-- Problem --
Below is a listing with pictures. Repeat exactly the lines starting at the one holding "A minimalist bedroom" and going on through the one holding "A picture of", and leave every picture out.

***** Records for processing

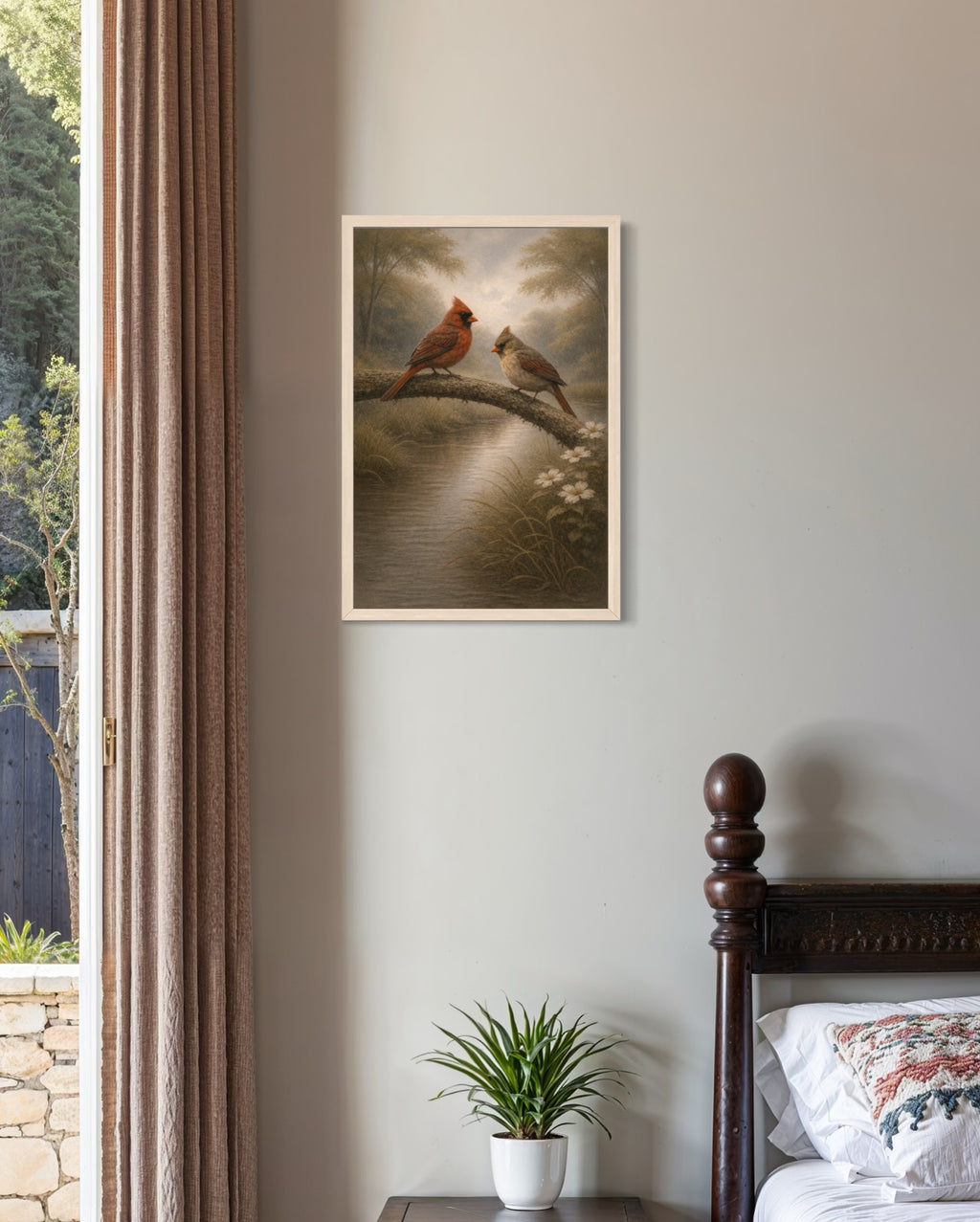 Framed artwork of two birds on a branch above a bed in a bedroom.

**********
***** Records for processing

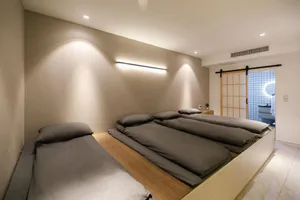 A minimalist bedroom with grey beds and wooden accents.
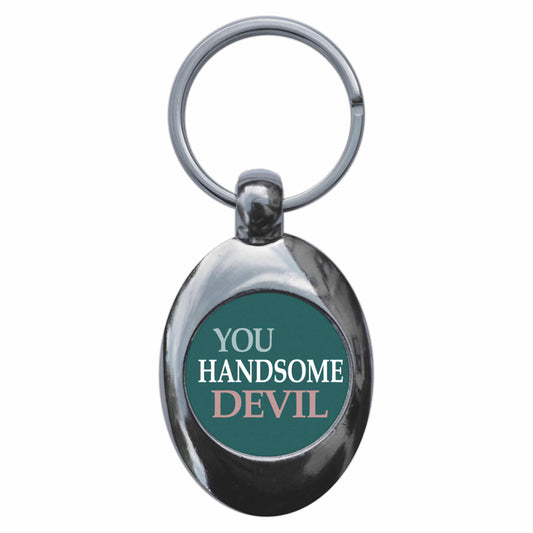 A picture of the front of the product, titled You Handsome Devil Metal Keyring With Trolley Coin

**********
***** Records for processing

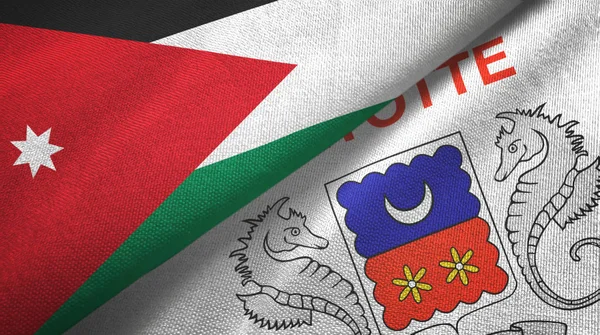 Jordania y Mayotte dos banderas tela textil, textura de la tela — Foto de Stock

**********

-- Solution to this task --
 A minimalist bedroom with grey beds and wooden accents.
 A picture of the front of the product, titled You Handsome Devil Metal Keyring With Trolley Coin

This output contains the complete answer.